Gzetecilerin eylemler sırasında yapılan müdahalelere maruz
kaldığını belirten Koçak şöyle konuştu: "Son bir ay içerisinde
bizim gördüğümüz şiddet örneklerini sunmak gerekirse, Akay
Kavşağında gerçekleşen eylemi izleyen Ulusal Kanal Muhabiri Hüsna
Sarı TOMA'dan sıkılan su ile hedef alınmış ve belinde lenf
zedelenmesi olmuştur. Takip eden günlerde Anadolu Ajansı Foto
Muhabiri Evrim Aydın, Reuters Foto Muhabiri Ümit Bektaş ve
Cumhuriyet Foto Muhabiri Necati Savaş, Ziya Gökalp Caddesi üst
geçidinde bir çok çevik kuvvet polisince coplanmış ve dövülmüştür.
ODTÜ'de yaşanan olayları görüntüleyen Milliyet Foto Muhabiri Yavuz
Özden'e, polis kaskı ile kafa atmıştır. Tuzluçayır'da Kanal D
Kameramanı Hüseyin Çözen ve Muhabir Özgen Bingöl'e TOMA'dan
gazeteci oldukları açık şekilde görüldüğü halde tazyikli su
sıkılmıştır.

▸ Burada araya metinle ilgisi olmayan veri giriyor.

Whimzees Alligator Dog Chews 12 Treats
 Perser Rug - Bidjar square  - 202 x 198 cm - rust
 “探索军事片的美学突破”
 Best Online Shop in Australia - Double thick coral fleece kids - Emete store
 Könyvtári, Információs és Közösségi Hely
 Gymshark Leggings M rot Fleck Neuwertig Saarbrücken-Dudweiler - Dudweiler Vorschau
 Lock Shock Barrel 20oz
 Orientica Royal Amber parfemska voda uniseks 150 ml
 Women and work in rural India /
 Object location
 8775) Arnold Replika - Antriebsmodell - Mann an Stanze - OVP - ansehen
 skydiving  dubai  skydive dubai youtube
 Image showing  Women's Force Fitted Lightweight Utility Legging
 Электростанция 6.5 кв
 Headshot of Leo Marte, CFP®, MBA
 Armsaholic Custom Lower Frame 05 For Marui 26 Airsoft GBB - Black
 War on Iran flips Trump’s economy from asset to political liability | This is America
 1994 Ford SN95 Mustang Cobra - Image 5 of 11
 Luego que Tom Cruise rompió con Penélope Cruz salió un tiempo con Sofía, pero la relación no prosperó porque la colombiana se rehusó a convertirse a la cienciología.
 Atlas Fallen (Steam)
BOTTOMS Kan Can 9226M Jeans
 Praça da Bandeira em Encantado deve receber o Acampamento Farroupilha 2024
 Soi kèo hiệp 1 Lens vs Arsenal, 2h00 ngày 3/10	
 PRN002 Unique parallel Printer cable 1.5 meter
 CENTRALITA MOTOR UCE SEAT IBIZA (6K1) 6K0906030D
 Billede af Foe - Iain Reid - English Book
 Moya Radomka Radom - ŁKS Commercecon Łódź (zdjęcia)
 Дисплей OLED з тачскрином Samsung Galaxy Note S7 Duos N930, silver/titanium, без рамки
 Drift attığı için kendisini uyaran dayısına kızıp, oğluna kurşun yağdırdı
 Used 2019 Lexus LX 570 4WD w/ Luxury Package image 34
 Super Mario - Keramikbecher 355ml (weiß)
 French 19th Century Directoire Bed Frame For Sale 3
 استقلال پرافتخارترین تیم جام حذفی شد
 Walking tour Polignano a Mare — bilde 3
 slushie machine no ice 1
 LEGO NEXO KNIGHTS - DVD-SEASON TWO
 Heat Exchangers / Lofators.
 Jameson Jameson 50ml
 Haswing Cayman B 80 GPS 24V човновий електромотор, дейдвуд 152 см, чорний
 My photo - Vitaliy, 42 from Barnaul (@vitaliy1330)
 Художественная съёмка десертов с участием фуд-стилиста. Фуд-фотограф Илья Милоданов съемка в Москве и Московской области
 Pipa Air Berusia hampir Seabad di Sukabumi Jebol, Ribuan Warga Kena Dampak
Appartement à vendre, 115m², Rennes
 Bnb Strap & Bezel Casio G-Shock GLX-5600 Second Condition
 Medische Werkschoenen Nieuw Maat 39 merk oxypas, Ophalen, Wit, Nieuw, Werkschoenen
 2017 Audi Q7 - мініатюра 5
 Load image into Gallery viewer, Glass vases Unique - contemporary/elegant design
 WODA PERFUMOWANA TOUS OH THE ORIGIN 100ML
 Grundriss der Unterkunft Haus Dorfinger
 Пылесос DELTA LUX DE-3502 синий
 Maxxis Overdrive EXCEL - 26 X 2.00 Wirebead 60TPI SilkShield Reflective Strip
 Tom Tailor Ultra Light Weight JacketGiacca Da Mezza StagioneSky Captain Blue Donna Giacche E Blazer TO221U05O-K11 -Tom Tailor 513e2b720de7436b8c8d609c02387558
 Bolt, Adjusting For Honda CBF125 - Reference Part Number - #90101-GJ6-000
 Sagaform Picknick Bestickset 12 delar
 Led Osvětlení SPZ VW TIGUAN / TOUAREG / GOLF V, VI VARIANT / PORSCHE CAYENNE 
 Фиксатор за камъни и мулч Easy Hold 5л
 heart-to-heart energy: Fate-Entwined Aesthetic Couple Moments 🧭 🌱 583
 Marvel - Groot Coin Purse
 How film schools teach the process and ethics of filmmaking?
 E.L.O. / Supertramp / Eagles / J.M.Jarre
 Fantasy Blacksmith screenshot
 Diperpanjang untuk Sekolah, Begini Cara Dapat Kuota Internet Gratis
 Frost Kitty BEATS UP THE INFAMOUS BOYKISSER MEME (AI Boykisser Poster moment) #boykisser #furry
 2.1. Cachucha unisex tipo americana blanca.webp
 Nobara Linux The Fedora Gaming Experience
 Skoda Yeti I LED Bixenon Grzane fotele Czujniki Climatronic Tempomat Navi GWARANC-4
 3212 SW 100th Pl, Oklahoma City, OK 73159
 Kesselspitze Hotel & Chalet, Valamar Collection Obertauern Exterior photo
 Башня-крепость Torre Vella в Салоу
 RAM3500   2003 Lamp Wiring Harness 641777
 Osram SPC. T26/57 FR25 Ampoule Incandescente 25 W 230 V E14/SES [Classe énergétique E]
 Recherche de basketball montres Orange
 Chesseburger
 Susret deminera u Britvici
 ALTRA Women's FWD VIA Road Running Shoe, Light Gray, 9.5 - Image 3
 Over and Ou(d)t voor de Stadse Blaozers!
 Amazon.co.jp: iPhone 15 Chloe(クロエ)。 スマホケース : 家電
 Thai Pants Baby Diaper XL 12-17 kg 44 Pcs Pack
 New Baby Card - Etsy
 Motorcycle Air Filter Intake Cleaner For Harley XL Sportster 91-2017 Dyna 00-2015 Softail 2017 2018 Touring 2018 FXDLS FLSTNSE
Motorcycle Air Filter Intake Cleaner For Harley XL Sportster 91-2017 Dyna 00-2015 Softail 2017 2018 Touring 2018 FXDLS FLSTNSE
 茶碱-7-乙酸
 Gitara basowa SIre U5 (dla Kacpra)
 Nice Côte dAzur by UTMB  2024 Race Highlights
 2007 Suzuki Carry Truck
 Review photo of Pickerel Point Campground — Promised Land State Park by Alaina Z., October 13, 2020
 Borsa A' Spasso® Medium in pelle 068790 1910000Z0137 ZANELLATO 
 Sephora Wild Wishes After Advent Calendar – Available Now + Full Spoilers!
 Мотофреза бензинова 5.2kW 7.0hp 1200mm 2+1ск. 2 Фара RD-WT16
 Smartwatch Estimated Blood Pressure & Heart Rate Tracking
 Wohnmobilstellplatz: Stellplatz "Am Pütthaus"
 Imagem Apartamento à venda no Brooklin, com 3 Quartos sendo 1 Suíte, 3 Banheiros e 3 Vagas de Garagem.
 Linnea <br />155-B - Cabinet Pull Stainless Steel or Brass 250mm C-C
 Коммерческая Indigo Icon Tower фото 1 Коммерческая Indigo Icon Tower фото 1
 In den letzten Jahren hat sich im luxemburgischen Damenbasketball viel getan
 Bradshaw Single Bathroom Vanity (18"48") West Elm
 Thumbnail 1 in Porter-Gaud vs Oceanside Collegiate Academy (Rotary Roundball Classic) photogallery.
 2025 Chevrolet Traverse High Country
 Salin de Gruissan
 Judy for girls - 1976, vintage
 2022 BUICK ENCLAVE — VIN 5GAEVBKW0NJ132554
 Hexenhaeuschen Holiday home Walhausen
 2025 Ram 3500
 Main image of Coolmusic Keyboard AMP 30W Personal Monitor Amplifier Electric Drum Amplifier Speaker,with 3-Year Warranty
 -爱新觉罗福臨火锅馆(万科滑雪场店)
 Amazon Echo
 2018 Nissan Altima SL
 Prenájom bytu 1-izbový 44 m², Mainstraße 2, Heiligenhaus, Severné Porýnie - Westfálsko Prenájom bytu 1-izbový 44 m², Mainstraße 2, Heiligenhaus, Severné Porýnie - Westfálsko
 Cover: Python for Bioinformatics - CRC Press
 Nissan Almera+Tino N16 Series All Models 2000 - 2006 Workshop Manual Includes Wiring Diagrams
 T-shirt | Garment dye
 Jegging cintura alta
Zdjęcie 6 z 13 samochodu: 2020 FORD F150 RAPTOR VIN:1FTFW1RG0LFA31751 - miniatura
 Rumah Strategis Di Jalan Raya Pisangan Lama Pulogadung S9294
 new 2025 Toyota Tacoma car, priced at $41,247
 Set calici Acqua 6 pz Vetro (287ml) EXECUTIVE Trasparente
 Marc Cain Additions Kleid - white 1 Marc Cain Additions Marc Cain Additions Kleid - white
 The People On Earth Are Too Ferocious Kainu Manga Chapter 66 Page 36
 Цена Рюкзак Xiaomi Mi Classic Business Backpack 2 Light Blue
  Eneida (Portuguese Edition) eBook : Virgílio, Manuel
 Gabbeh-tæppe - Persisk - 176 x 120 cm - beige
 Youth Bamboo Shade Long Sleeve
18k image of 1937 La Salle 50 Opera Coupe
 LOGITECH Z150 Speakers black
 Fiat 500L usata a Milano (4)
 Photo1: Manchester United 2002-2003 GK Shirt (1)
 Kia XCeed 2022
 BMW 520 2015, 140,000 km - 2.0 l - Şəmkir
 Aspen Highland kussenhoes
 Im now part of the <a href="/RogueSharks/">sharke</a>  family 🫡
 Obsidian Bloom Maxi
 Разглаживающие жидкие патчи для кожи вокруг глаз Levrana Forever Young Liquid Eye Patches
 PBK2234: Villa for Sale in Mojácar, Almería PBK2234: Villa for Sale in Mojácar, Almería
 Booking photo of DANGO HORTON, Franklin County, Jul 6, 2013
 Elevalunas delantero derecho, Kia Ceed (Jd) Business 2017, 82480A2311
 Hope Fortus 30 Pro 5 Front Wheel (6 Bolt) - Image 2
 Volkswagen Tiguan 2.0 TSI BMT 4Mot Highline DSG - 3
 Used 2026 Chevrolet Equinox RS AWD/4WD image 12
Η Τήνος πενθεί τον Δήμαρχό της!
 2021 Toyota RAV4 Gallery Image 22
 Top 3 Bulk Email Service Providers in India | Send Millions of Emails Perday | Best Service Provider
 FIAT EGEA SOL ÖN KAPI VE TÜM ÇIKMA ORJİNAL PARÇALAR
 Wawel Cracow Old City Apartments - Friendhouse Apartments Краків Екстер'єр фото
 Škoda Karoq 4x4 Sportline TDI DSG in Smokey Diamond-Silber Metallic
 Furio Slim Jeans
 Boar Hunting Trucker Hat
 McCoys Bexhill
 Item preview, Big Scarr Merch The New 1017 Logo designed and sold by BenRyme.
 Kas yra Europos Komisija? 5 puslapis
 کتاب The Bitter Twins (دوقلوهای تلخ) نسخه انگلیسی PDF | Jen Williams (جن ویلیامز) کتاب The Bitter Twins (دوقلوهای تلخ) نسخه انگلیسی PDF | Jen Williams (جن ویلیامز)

Yine Keneddy Caddesi'nde basın kartını göstermelerine
rağmen Hürriyet Foto Muhabiri Selahattin Sönmez ve Bir gün Gazetesi
Muhabiri Recep Yılmaz, tazyikli su ile yerlerde sürüklenmiştir.
Berkin Elvan eylemlerini takip eden Vatan Gazetesi muhabiri Çınar
Özer'in fotoğraf makinesi kırılırken, arkadaşımız polislerin sözlü
saldırılarına maruz kalmıştır. Yine Evrensel gazetesi muhabiri
Hasan Akbaş'ta geçtiğimiz günlerde polis tarafından ciddi şekilde
dövülmüştür. Üstelik bunlar sadece bizim elimize ulaşan
bilgilerdir."
"TÜRKİYE BASIN ÖZGÜRLÜĞÜNDE 154. SIRADA"
2014 dünya basın özgürlüğü sıralamasında Türkiye'nin 180 ülke
içerisinde 154'üncü sırada yer aldığını söyleyen Koçak, "Polisin bu
şiddeti, hükümet tarafından yapılan açıklamalarla da
desteklenmiştir. Gücünü iktidardan alan polis ise saldırılarını
artırmıştır. Başbakan Erdoğan gerek meclis kürsüsünden gerek seçim
meydanlarından yaptığı konuşmalarla meslektaşlarımızı hedef
gösterirken, birçok gazetecinin işten atılmasına ya da istifa
etmesine neden olmuştur. Sınır Tanımayan Gazeteciler örgütünün,
2014 Dünya basın özgürlüğü sıralamasında Türkiye'yi, 180 ülke
içerisinde 154'üncü sırada göstermesi, Türkiye'nin 55 tutuklu
gazeteci ile dünyada en çok tutuklu gazeteci bulunan ülkelerden
birisi olması da bu tablonun diğer bir boyutudur" ifadelerine yer
verdi.
"SORUMLULAR BULUNSUN"
Gazetecilere yönelik saldırıların cezasız kalmaması gerektiğini
vurgulayan Koçak, "Türkiye Gazeteciler Sendikası olarak biz de,
mesleğimizi yapabilmek, halkın haber alma hakkını koruyabilmek için
son yaşanan olaylarda Ankara'da bu saldırılara maruz kalan
meslektaşlarımız adına Ankara Valiliği, Ankara İl Emniyet Müdürlüğü
ve Çevik Kuvvet Amirliği hakkında suç duyurusunda bulunuyoruz.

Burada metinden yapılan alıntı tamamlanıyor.